At the barely roofed shanty standing as family kitchen, a clay pot of family size boiled on top of blazing firewood. The aroma that issued from the local spices was great. The content was smoked fingerlings of the past couple of weeks. Alahaji’s first daughter, Lydia, tasted the soup for salt. “Traders don’t come any more to buy. So we cook and eat the catch, while we prepare to leave the Doma dam”, Lidia, a 30 year old spinster said. Her dream is to leave Doma dam to run into some luck in a bustling city, and marry a man there. She offered this reporter some fish from the boiling pot.

Opposite Jukun Camp is the massive water works of the Nasarawa State Government, called the Doma Water Supply Scheme. It is an inheritance from the old water works of the former Plateau State which was constructed by SCC Nigeria Limited and commissioned by the late Head of State, General Sani Abacha on September 21, 1995. Staff of the water scheme and their families were busy doing their Saturday clean-up.
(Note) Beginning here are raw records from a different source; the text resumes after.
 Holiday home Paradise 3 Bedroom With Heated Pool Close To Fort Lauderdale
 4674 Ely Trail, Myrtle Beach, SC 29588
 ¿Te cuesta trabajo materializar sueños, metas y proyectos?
Basins of water newly fetched from the dam stood by. They have been entering the dam to fetch water for domestic use at the staff quarters, suggesting that the water scheme has not been serving, or at best, functioning on a skeletal level. They insisted on not saying anything to this reporter, as it was against government orders. Sunday Trust however recalls that the administration of Governor Aliyu Akwe Doma awarded a contract to rehabilitate the water scheme, with ongoing plans to extend water supply to neighboring towns and villages. Government showed serious commitment on this project, in spite of dwindling resources, and epileptic power supply. Abdullahi Oga, the former commissioner for Water Resources in the state, had said government procured an additional 1000kva generator to keep steady power supply, raising the supply level from 1.5 million gallons a day, to the designed supply level of 3 million gallons per day. But staff and their families at the foot of the water plant were fetching from the dam for domestic use, just as the densely populated town of Doma was busy with water vendors who are making brisk business, selling the scarce commodity for N10 per 20lt jerry can of water, from the many individual boreholes.
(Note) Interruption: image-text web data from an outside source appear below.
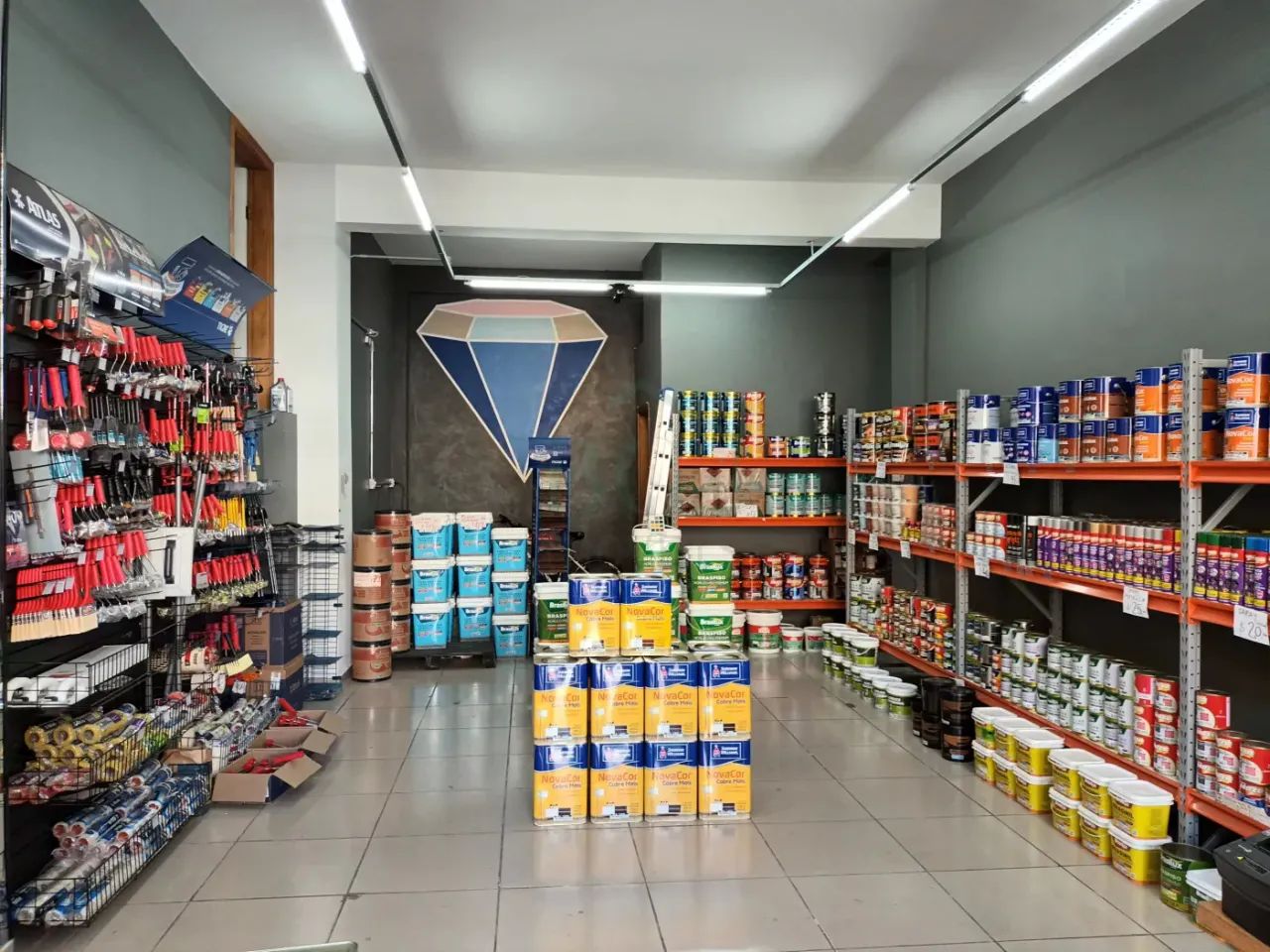 Comercial Ponto comercial em Poços de Caldas - Foto 4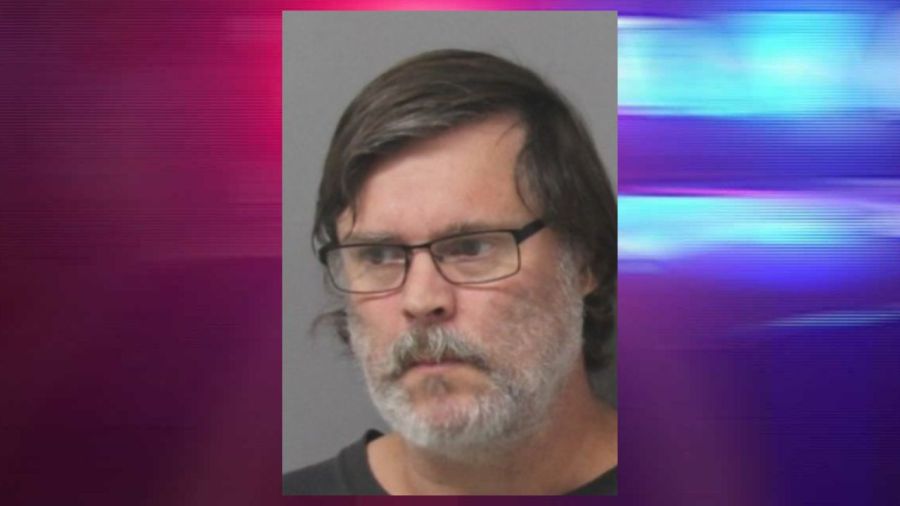 Corning man arrested on child sex abuse material charges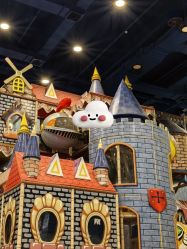 -meland亲子乐园•派对•研学(苏州悠方购物中心店)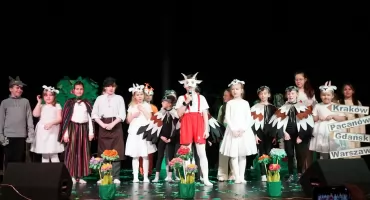 III Powiatowy Konkurs Teatralny im. Ignacego Gogolewskiego – zapraszamy na widownię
Sunday Trust sought comments about the dam and its three planned projects of irrigation farming, water supply and fishery conservation. The traditional ruler of Adudu in Obi local government area, Alhaji Mohammed Abdullahi, commended the initiative that saw to the construction of the Doma dam project. He called it “a fulfilled dream of the Shagari administration”, explaining that “it was executed according to specification and the job was nearly 100 percent completed.” He said the problem of the dam project is the usual Nigerian government attitude, where successive administrations would not go on with projects started by their predecessors. “In fact, IBB praised the regime of Shagari that constructed the dam. I think lack of continuity and finances hampered the dam project.” He recalled that Yahaya Attah was the minister for water resources who awarded the dam contract, while Hassan Mohammed was chairman of LBRBDA at that time.
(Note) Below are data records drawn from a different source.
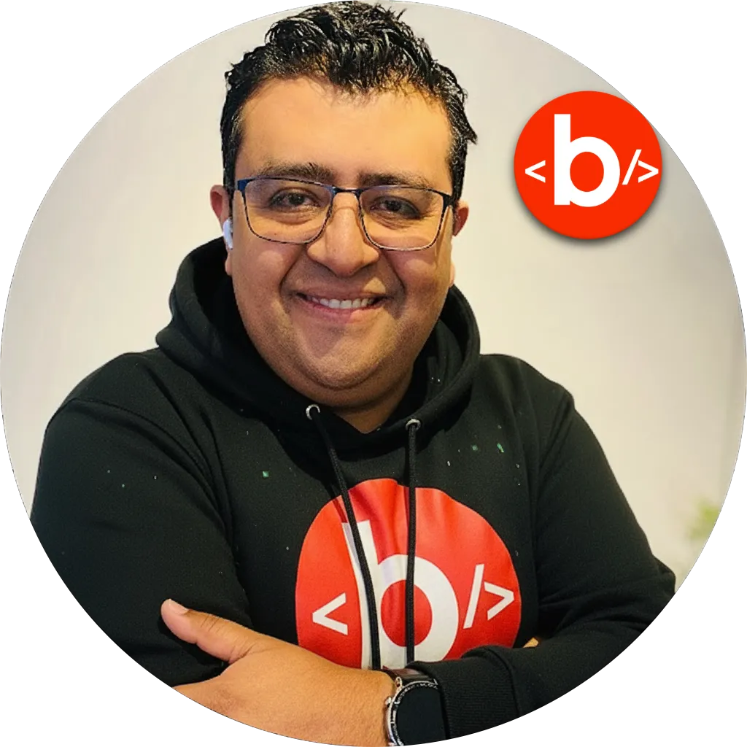 Miguel Ángel Bravo — Fundador de Brainglab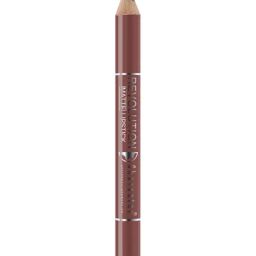 Character Revolution Matte Lipstick Change Up RL008 - 3 gm-43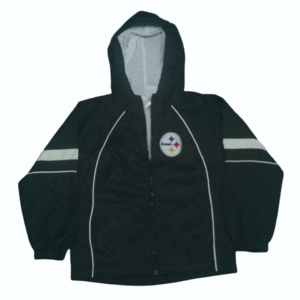 STEELER'S Nylon Jacket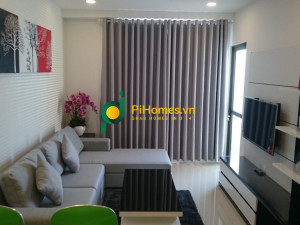 47m2 - 1 PN - 1 WC - Căn hộ ở - Icon 56 - Quận 4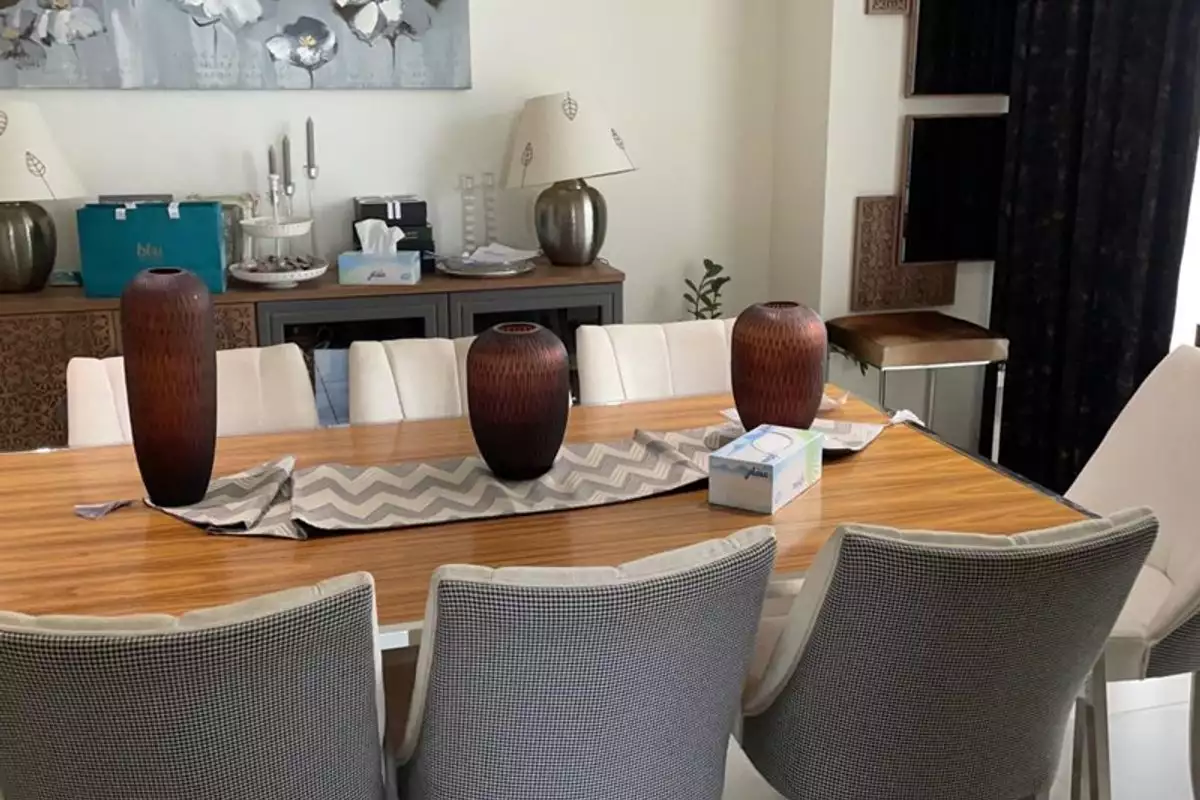 Villa 674m² in UAE, Abu Dhabi. Priced at 1598179€ rent photo-13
An elderly farmer in Doma who gave his name only as Oga, described the dam as a drain of public funds, explaining that it has served no purpose, in spite of the noble dream that went with it. “Farmers, even around the dam depend on the short rainy season for cropping water supply is only a campaign promise by politicians and successive administrations in the state and fishery is a forgotten venture there, because government failed to regulate the fishing practice, giving room for illicit fishing practices like application of chemicals.”

Arago, another farmer whom Sunday Trust met on his farm along the road linking Doma with the dam, pointed at the rusty pipes that littered the farmland, and commented, “we can’t farm on this portion of the land and yet the pipes can’t give us water to water our crops,” describing the dam project as a pipedream for farmers.